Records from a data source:

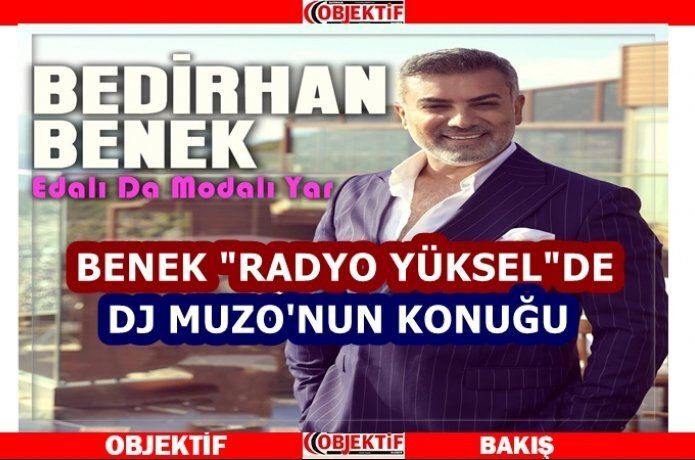 Bedirhan Benek’ten bomba bir eser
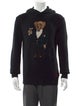 Polo Ralph Lauren Wool Graphic Print Pullover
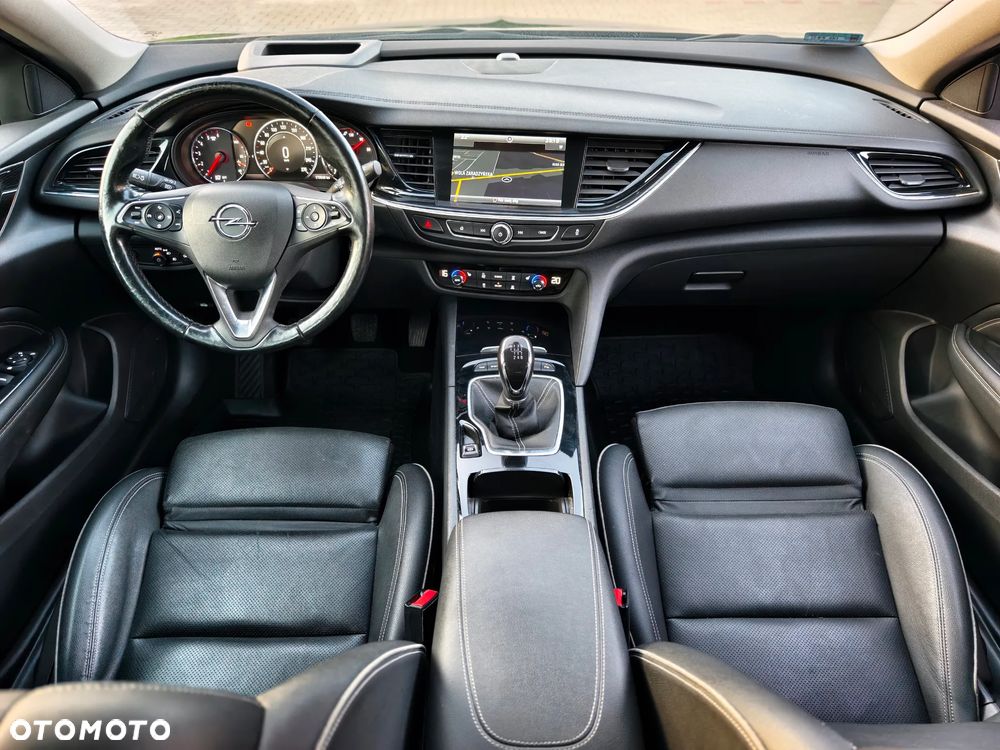 Opel Insignia 2.0 CDTI Cosmo S&S - 8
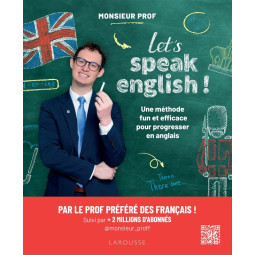 LET'S SPEAK ENGLISH !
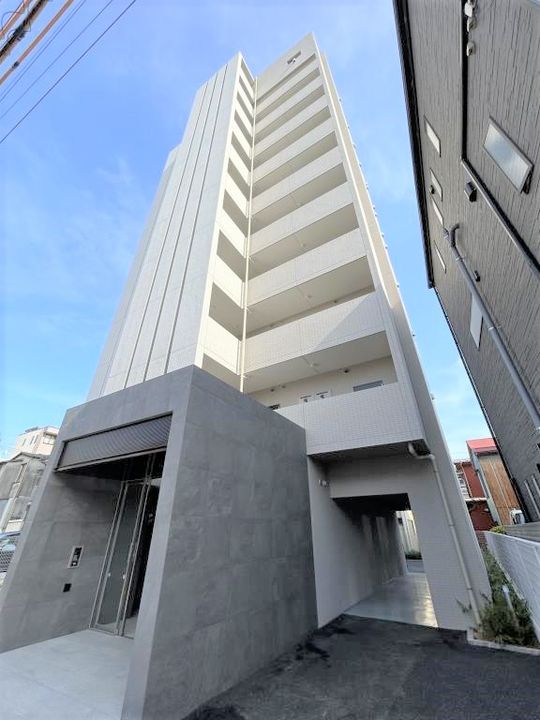 東京都荒川区東日暮里2(マンション)の賃貸物件の外観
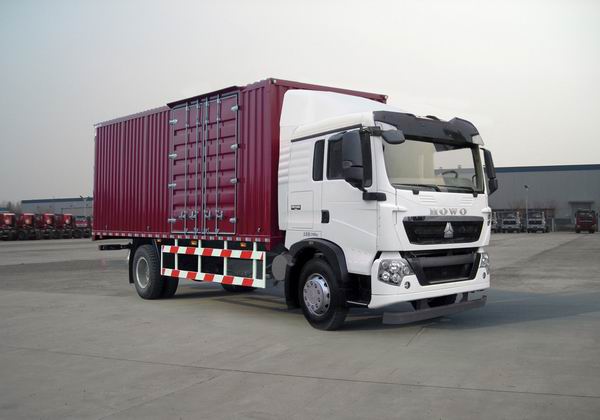 厢式运输车配置灵活可选，油耗与安全防护参数详解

* WORK REQUIRED: The lines to copy begin with the one containing "東京都荒川区東日暮里2(マンション)の賃貸物件の外観" and end with the last line of the entries above; copy them exactly, minus the pictures.

* EXERCISE ANSWER:
 東京都荒川区東日暮里2(マンション)の賃貸物件の外観
 厢式运输车配置灵活可选，油耗与安全防护参数详解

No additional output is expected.